Clean Microsoft Word Pasted Text using JavaScript

OneNerd picture OneNerd · May 20, 2010 · Viewed 31.4k times · Source

I am using a 'contenteditable' <div/> and enabling PASTE.

It is amazing the amount of markup code that gets pasted in from a clipboard copy from Microsoft Word. I am battling this, and have gotten about 1/2 way there using Prototypes' stripTags() function (which unfortunately does not seem to enable me to keep some tags).

However, even after that, I wind up with a mind-blowing amount of unneeded markup code.

So my question is, is there some function (using JavaScript), or approach I can use that will clean up the majority of this unneeded markup?

Answer

OneNerd picture OneNerd · May 20, 2010

Here is the function I wound up writing that does the job fairly well (as far as I can tell anyway).

I am certainly open for improvement suggestions if anyone has any. Thanks.

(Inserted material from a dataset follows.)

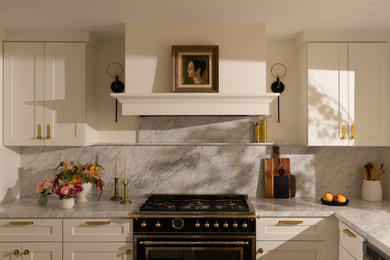 サンフランシスコにある高級な中くらいなコンテンポラリースタイルのおしゃれなキッチン (シェーカースタイル扉のキャビネット、白いキャビネット、大理石カウンター、大理石のキッチンパネル、淡色無垢フローリング) の写真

function cleanWordPaste( in_word_text ) {
 var tmp = document.createElement("DIV");
 tmp.innerHTML = in_word_text;
 var newString = tmp.textContent||tmp.innerText;
 // this next piece converts line breaks into break tags
 // and removes the seemingly endless crap code
 newString  = newString.replace(/\n\n/g, "<br />").replace(/.*<!--.*-->/g,"");
 // this next piece removes any break tags (up to 10) at beginning
 for ( i=0; i<10; i++ ) {
  if ( newString.substr(0,6)=="<br />" ) { 
   newString = newString.replace("<br />", ""); 
  }
 }
 return newString;
}

Hope this is helpful to some of you.